So therefore, Ms. Dietician, your diagnosis is wrong wrong wrong. I am not anorexic, I do not need to see an eating disorders specialist nor go to Renfrew, Remuda, or Rogers Memorial Hospital. I do not have a problem. I am just thin and what's wrong with being thin? Even if I am depressed and anxious, even if I am yanking up my size zero jeans and fighting with my husband about food and eating and hearing from everyone that I need to gain weight and my niece's nickname for me has become "Skelator"?

I'm just fine. Other than being severely underweight, of course. There was the daily counting of calories and weighing myself. And the fact that I was becoming quite popular at the office for the weekly donuts/scones/ {insert forbidden food here} that I brought in. But I wasn't doing anything else except restricting, therefore I could not have anorexia.

My treatment with that dietician ended after she declared I wasn't making any progress, i.e. I had not gained any weight after four months of treatment. Soon after this, my psychiatrist terminated with me (I had been seeing him from depression and anxiety) because he agreed I had anorexia and he wasn't equipped to deal with it.

So I went to Rogers Memorial, only to check out AMA 24 hours later. The psychiatrist there declared I would be dead within a year if I didn't gain both insight and weight. My discharge papers were a dismal declaration of how ill I was. Prognosis: poor.

As most of you know, I did eventually agree to see an eating disorders specialist who convinced me to go into Beaumont Hospital for two weeks of refeeding. But even though I was connected to a TPN line running nutrients into my body, I remained unconvinced I had anorexia.

You see, the eating disorders patients there all did strange things like cut their food into tiny pieces and hoarded sugar and salt packets and get angry because we weren't allowed to have no-calorie sweeteners for our coffee like the other patients. One woman carried around a notebook filled with recipes and pictures of food,  another continuously chewed on ice and a third would not eat her food without loading it with salt and pepper and mustard and whatever other condiment she could get her hands on (since I didn't care what my food tasted like — the blander, the better — I was happy to give her my packet of condiments each day.)

I had read about these and other behaviors and decided there was no way I could be anorexic because I didn't do such things. I became a bit annoyed by these behaviors and seriously wanted to tell one girl to please please please stop pressing your grilled cheese sandwich between five million napkins before I lose the last shreds of sanity I have left!
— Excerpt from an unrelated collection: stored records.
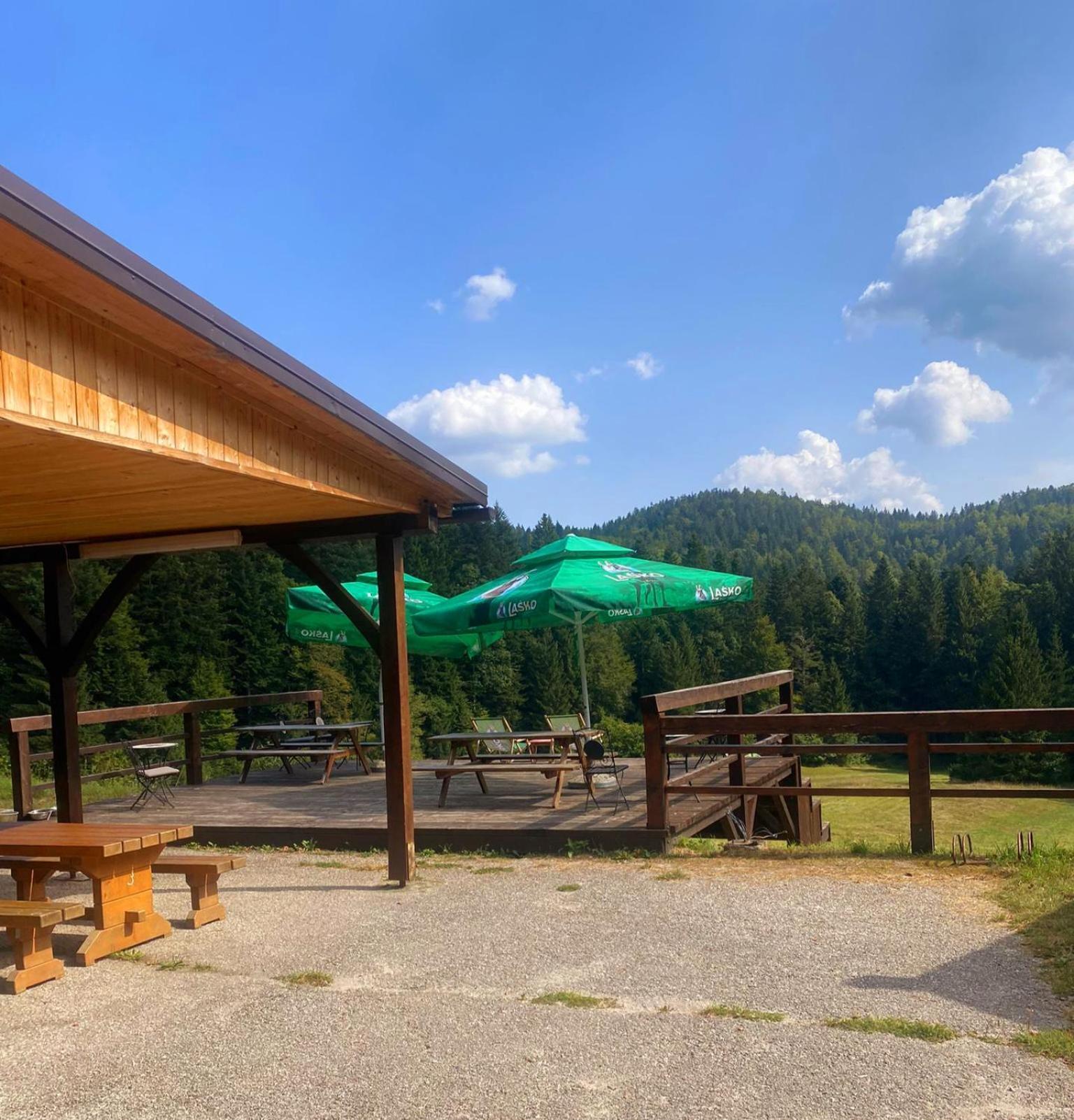 Planinski Dom Na Travni Gori Sodrazica ภายนอก รูปภาพ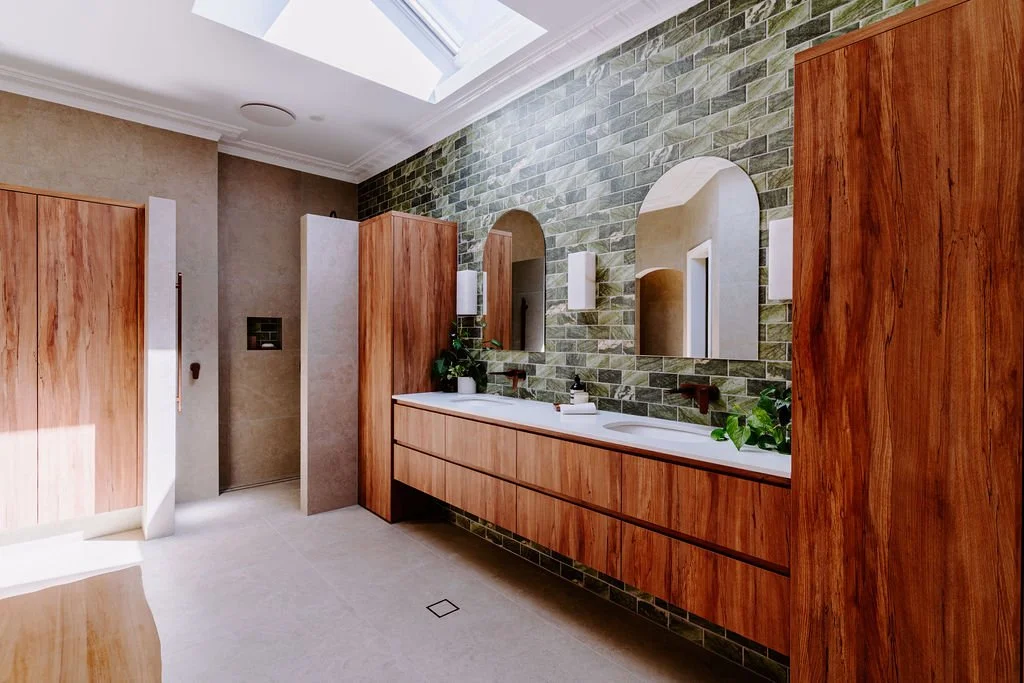 5 Practical Tips to Create a Luxurious Bathroom Space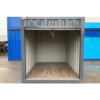 Contenedor de envío con puerta enrollable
But this was years ago, and I notice I have my own little food rituals. I can't eat foods that touch each other and I have to eat one food at a time. (I notice normal people eat a few bites of this and a few bites of that.) I can't tolerate foods with sauces or gravies, unless they come in a box and I know the exact calorie count. I can't pick up a sandwich and bite into it; I must either cut it up or deconstruct it. I need to eat slowly, and I actually do cut my food into tiny pieces, thus taking more than an hour to eat a meal most people can finish in twenty minutes.

Have I had these rituals for years and just didn't notice? Or did I develop these food rituals as an attempt to gain some control? Or are these behaviors the manifestation of anorexia as I have continued to recover from it.

The few times I haven't been able to adhere to these rituals? behaviors? has caused a weird sort of anxiety and strangeness, as if I didn't do it right. I usually need to take an anti-anxiety medication before I can eat out with friends. Restaurants feel like torture unless there is some type of salad I can order. I was positively thrilled when Bob Evans, my husband's favorite restaurant, came out with its light menu and listed the calories, fat grams, etc. on that menu.

Denial hangs around a long, long time. I weigh 97 pounds and have been actively restricting food since January. I feel exhausted, and yet often can't get to bed until 4 or 5 a.m. I have trouble concentrating on anything; class work, magazine articles, watching a television show, holding a conversation. I have gone through the assessment process at Renfrew and plan to be admitted in May for the 30-day day treatment program.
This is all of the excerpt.